— EXERCISE GOAL —
Would you return the lines between the one holding "Zoe Olivia - Waterproof" and the one holding "Ｖ９０ 　クロスカントリー　Ｔ６　ＡＷＤ", inclusive, and only those, exactly as they stand in the listing below?

[[ EXTRACTED RECORDS open ]]

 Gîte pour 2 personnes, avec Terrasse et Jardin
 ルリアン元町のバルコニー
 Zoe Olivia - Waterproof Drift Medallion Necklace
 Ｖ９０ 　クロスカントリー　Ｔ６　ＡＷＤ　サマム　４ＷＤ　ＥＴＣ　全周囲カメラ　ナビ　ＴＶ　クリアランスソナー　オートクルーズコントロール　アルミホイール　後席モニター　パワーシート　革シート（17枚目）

[[ EXTRACTED RECORDS closed ]]
[[ EXTRACTED RECORDS open ]]

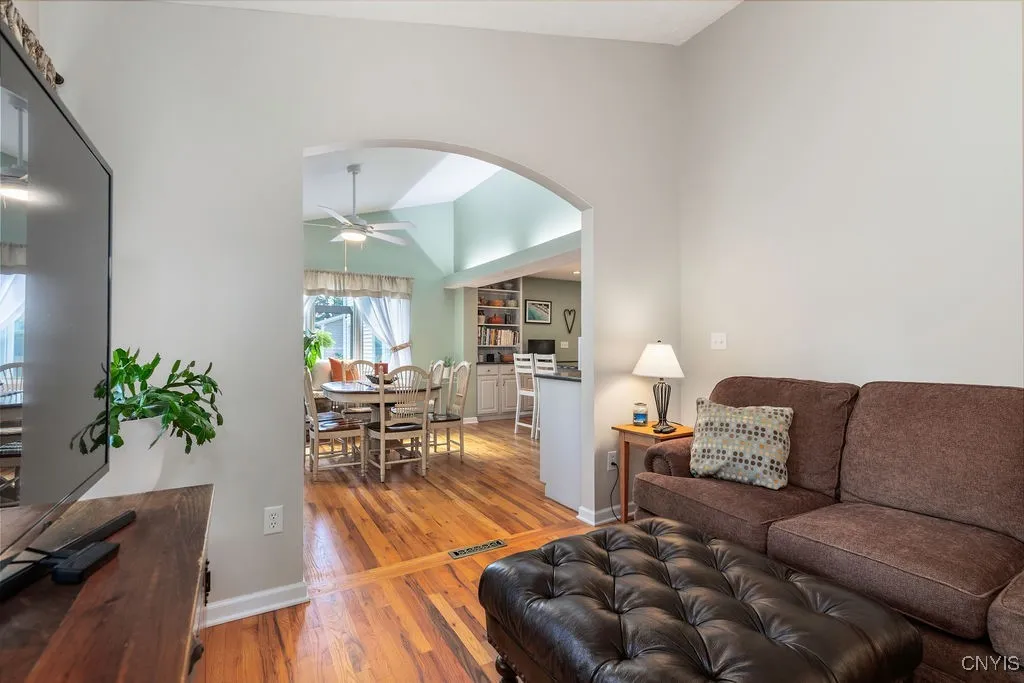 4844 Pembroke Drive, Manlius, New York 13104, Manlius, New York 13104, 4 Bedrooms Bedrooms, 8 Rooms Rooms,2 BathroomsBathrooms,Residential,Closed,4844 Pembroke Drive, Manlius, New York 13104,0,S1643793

[[ EXTRACTED RECORDS closed ]]
[[ EXTRACTED RECORDS open ]]

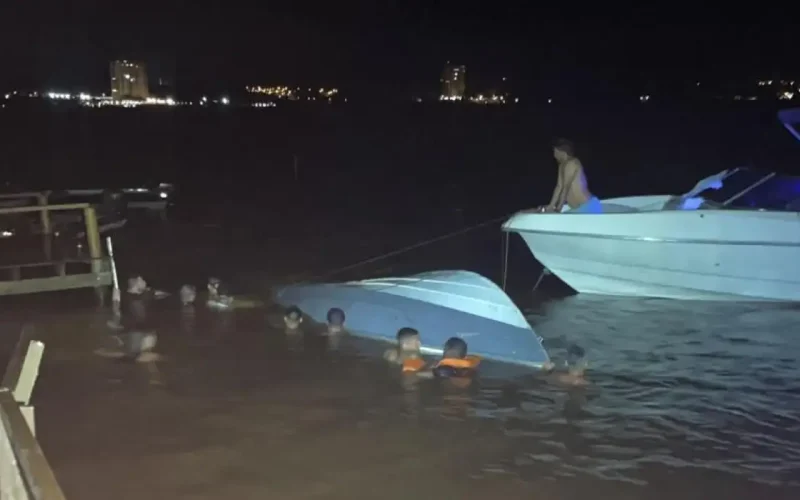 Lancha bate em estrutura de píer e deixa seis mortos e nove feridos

[[ EXTRACTED RECORDS closed ]]

— REPLY TO THE TASK —
 Zoe Olivia - Waterproof Drift Medallion Necklace
 Ｖ９０ 　クロスカントリー　Ｔ６　ＡＷＤ　サマム　４ＷＤ　ＥＴＣ　全周囲カメラ　ナビ　ＴＶ　クリアランスソナー　オートクルーズコントロール　アルミホイール　後席モニター　パワーシート　革シート（17枚目）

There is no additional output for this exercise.